Code of Civil Procedure section 170.6, subdivision (2) states in pertinent part: “If the court in which the action is pending is authorized to have no more than one judge and the motion claims that the duly elected or appointed judge of that court is prejudiced, the motion shall be made before the expiration of 30 days from the date of the first appearance in the action of the party who is making the motion or whose attorney is making the motion.” 1 The parties tender two readings of this provision. Smith suggests it means the motion must be made within “30 days from the date of the first appearance in the action of the party who is making the motion or [the attorney who is making the motion].” The People insist it means within “30 days from the date of the first appearance in the action of the party [by whom or on whose behalf the motion is made].” The People proffer the only reading faithful to the text of the statute and no persuasive reason impels a departure from that text.

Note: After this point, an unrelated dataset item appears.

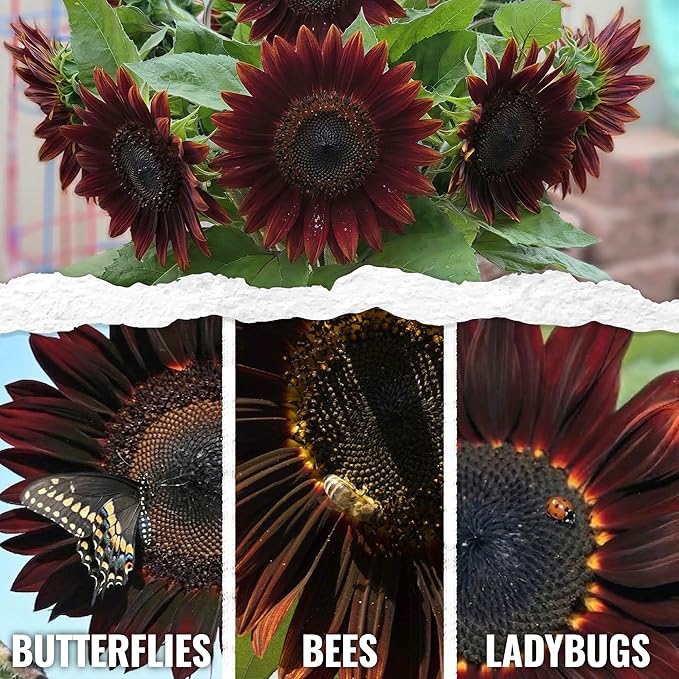 Seed Needs Chocolate Sunflower Seeds for Planting Dark Maroon Sunflowers - Heirloom & Open Pollinated Flower Seed to Plant & Grow an Outdoor Wildflower Butterfly Garden (1 Pack)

The question is: 30 days from the first appearance of whom? The statute answers: “of the party who is making the motion or whose attorney is making the motion.” (§ 170.6; emphasis added; see also Brown v. Swickard (1985) 163 Cal.App.3d 820, 826–827, 209 Cal.Rptr. 844.) If it were to be read as Smith suggests it would say: “of the party who is making the motion or the attorney who is making the motion.” “Whose” does not equal “who is,” to say nothing of word order.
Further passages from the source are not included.